In order to be transparent about the way the Global Wine Score (GWS) is realized, it seems interesting to study the scores distribution concerning 4 critics and the GWS (currently aggregating scores from 20 wine critics). We will show how the consistency between the critics ratings (input) and the GWS (output) allows our score to be easily interpreted.
Below, you will find ratings distribution coming from 4 critics out of 20 (Robert Parker, Neal Martin, Jancis Robinson and Jacques Dupont) used in the calculation of the GWS. The last graph corresponds to the GWS distribution.
In this study, the data is limited to vintages from 1995 to 2016. When a wine has been rated multiple times by a same critic, only their last score is considered. Plus, for the GWS, we are only using wines rated by at least 3 different journalists .

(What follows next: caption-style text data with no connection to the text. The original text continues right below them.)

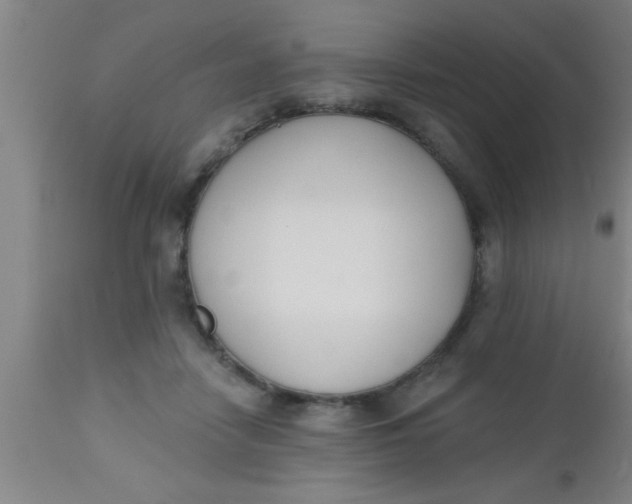 X0000112540458200909071425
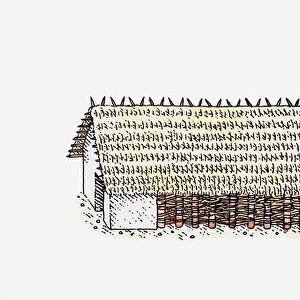 Cross section illustration of timber longhouse with thatched roof, Bylany, Moravia, Czech Republic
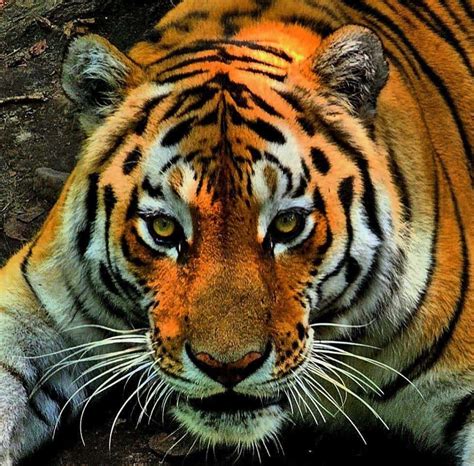 Тигр разорвал пенсионера в Хабаровском крае - СК РФ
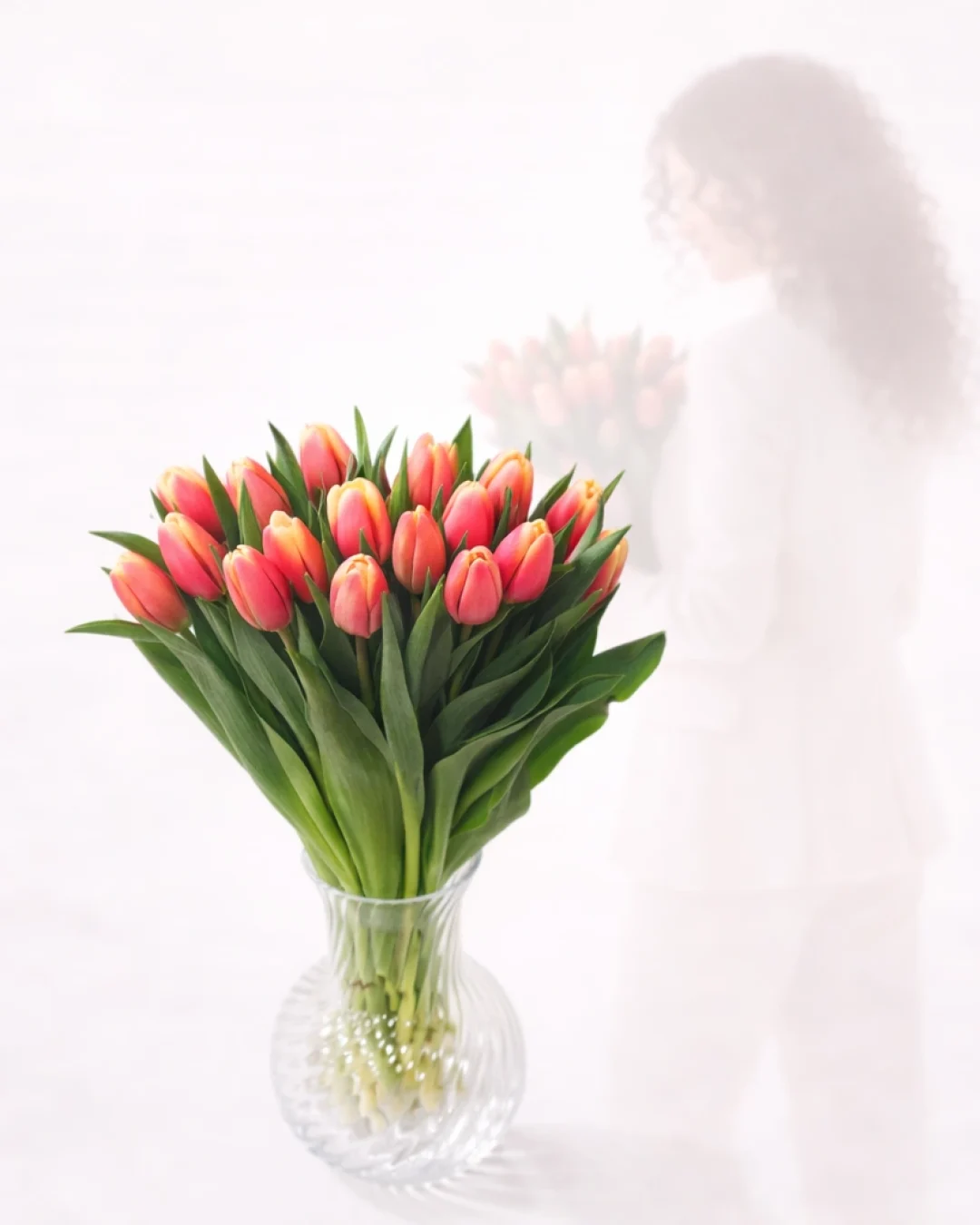 Tulpė "Coral"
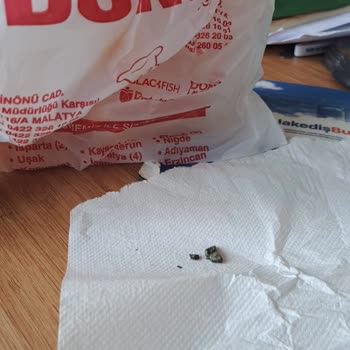 Donas Çakıl Taşı Dürüm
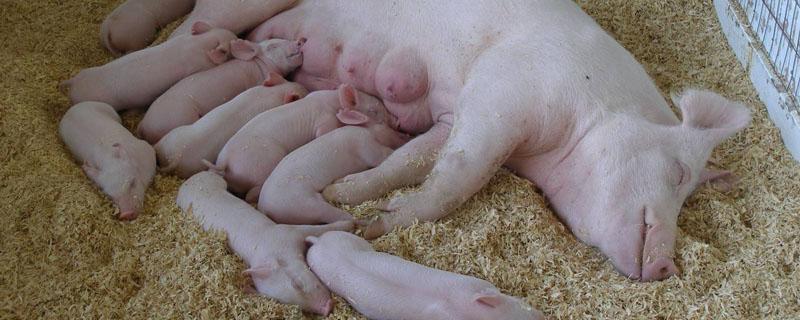 怎样看出母猪怀几只仔 怎么看母猪怀多少猪仔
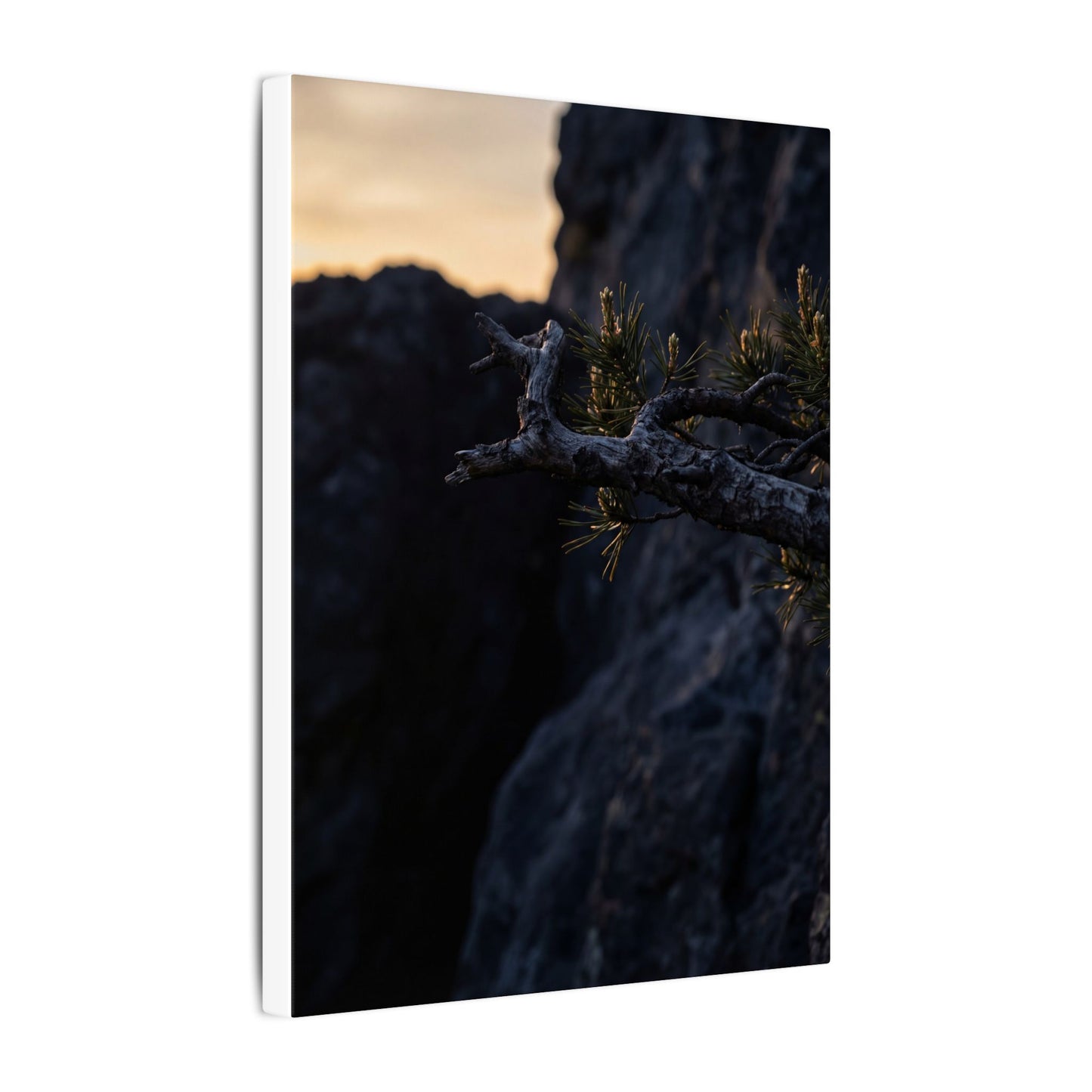 Pine Tree Moody Minimal Canvas Art | Sophisticated Dark Japandi Art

The input data for the GWS comes from critics who rate wines in different ways. Jancis Robinson and Jacques Dupont use a 20-point scale while Robert Parker and Neal Martin use a 100-point scale. Even when two critics have the same scale, a same rating has potentially two different meanings because of their habits, personal tastes and severities. These differences appear to be very significant in the case of Neal Martin and Robert Parker. Equal ratings by those two critics may not reflect the same wine quality.
The GWS algorithm takes into account these dissimilarities by normalizing these input notations in order to give a final score as objective as possible.
Then, for the sake of interpretability, let’s check the consistency between the distribution of the GWS and the distribution of critics ratings.
Mean values, 10% and 90% quantiles are good indicators to compare the score distributions. They are plotted on the figures above and reported in the table below for the four critics and the GWS.
For simplicity, in this article, we concentrate on the raw input data coming from critics, i.e. the data shown in this article is not normalized. As Robert Parker, Neal Martin and the GWS share the same 100-point scale, we are able to compare their statistics. They have pretty close mean values (respectively 89.73, 89.68 and 89.37), 10% quantiles (respectively 85.50, 85.00 and 86.13) and 90% quantiles (respectively 95.00, 94.00 and 93.32). These results show great consistency between the journalists and the GWS.
The different scales between Jancis Robinson, Jacques Dupont and the GWS make their comparison less straightforward. Anyway, it appears that Jacques Dupont (15.53) is a little more severe in his ratings than Jancis Robinson (16.21). The GWS takes these differences into account in the normalizing process.
Different critics may have different scales to rate wines. And even when they use the same scale, they also have various habits and tastes. The main goal of the GWS is to take into account these differences and get a score as objective as possible.
It is also crucial that the distribution of the score be consistent with other critics for better interpretability. By comparing key statistics of the distributions of the GWS, we have shown that it can be easily and safely interpreted by the community of wine lovers used to the widely accepted 100-point scale of critics.